Another challenge is requests for live animals: “I’ll say ‘it’s very, very cold in the sleigh so I can’t promise,’ unless maybe if I get a wink from mom and dad.” He’ll always say, “I’ll do my best” and promises each child that “on Christmas morning there’s gonna be surprises for you!”

Eadie’s parents divorced when he was young, and he and his four younger siblings were separated, living in foster care and with relatives. “It was not the happiest of times,” he says, but godparents–an aunt and uncle who had three kids of their own–provided a “wonderful” upbringing. “I went from being the oldest to being the baby of the family,” he says. He’s still in touch with his surviving siblings but says he’s closer to the cousins he grew up with.

Eadie graduated from Saline High and attended WCC and EMU–“I have a lot of life skills but no degree,” he says. He came to Zoller after “a lot of years in retail and sales.” He’s the oldest employee at the company’s new North American headquarters in the Ann Arbor Research Park.

He and his wife, Jan, live in an old farmhouse in Lodi Township and have two grown children. Jan “tells people she’s not Mrs. Claus when they ask,” he laughs, but is supportive of his side job, and grateful that playing Santa “keeps me happy.”

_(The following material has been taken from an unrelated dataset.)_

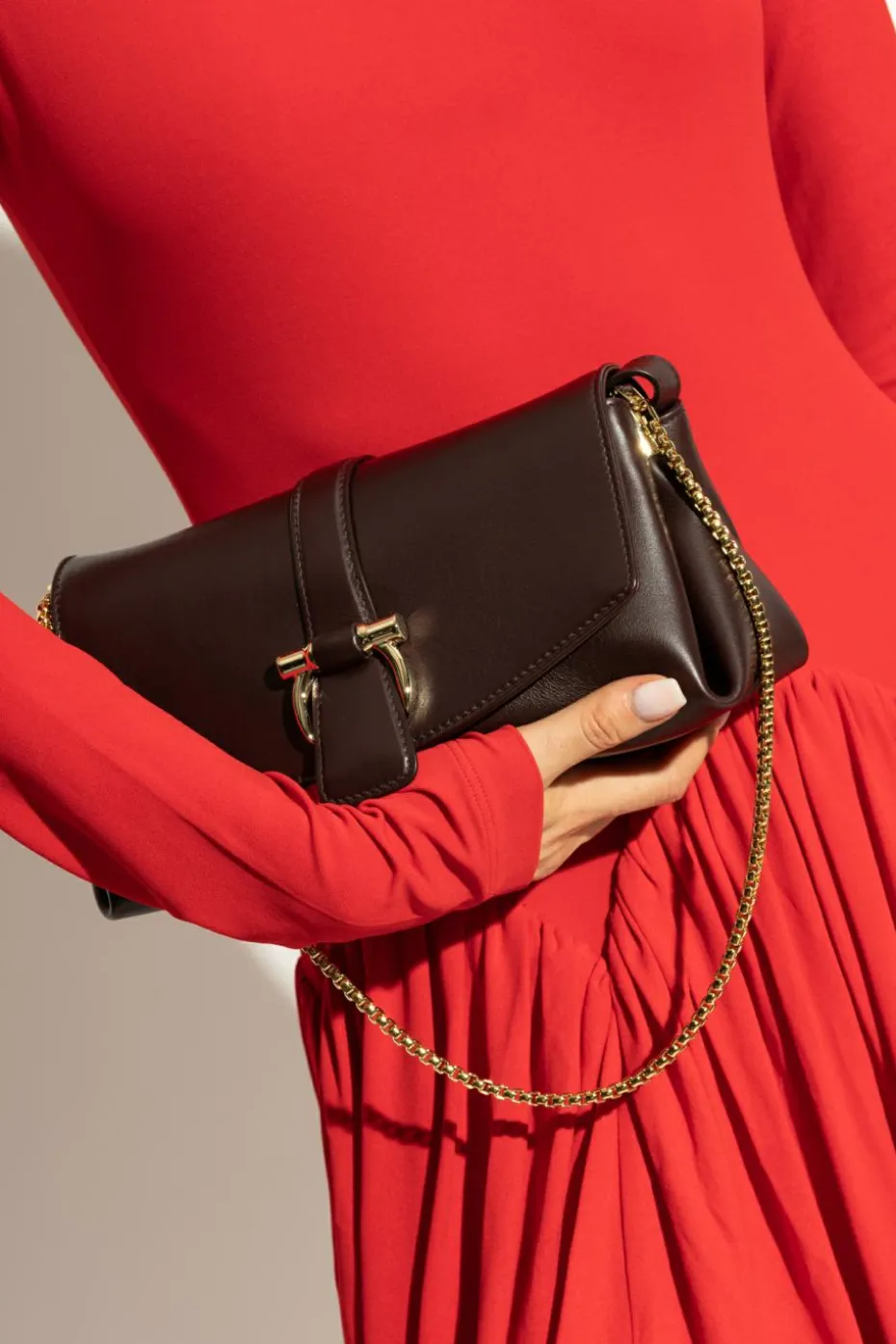 FERRAGAMO BURGUNDY Leather shoulder bag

“Life is life,” he says. “People have their baggage … and I’m still trying to figure out how to lay my baggage aside.” When he’s not being Santa, he says, he can be “feisty and spirited and sometimes disagreeable.” But though “I’m getting old, and it can be tiring,” he says, “Santa can’t have a bad day.”

“Being Santa is a simple life. Santa doesn’t pay any bills. Santa doesn’t fight with Mrs. Claus. Santa doesn’t worry about his weight or how he looks. It’s kinda fun.”

A forty-year member of Bethlehem United Church of Christ, Eadie sees commonality in how Christmas, Hanukkah, and Kwanzaa all celebrate light during “the darkest time of the year.” He often carries gold chocolate coins in his pocket to hand out with his candy canes, and he says Jewish families bring their kids to meet him too.

Although he has liability insurance and undergoes a background check “because that’s the world we live in today,” he says he’s “very sheltered because of the way Ann Arbor is. I don’t hear a lot of sad stories like some Santas do.” He does recall a disheveled-looking boy who tugged on his suit when he was walking outside at Kerrytown one evening and asked for a sewing machine so he could make his mom some new clothes.

“Those are the times I wish I could miraculously wave this wand,” he says, his voice cracking. He’s made visits to sick and dying children. “I sat with my wife and said, ‘I don’t know if I can do this,’ but I was honored that somebody thought enough of what I did that they asked me.” He says he held the child, talked, and the family took pictures. “My picture is in thousands of homes and scrapbooks, and that’s pretty neat,” he says.

Once, when he was confronted by a boy who claimed Eadie was “just a fat man in a suit,” the adults around him rallied to his defense. “What do you mean I’m not real? Touch my hand. I’m real!” he told the boy. He tells the naysayers that “Santa has helpers everywhere, because Santa can’t be everywhere. You can’t be sure which one is the real one.”

Eadie explains he doesn’t feel guilty about the friendly fibs. “I don’t feel like I’m lying any more than people that told legends and stories around campfires and told of heroes.” Too many people, he says, “have lost their sense of humor. I hope I bring a little back to them.

“I have children that tell their parents when they see other Santas, ‘That can’t be the real Santa because the real Santa is at Kerrytown,'” Eadie says. “So I know I did something right.”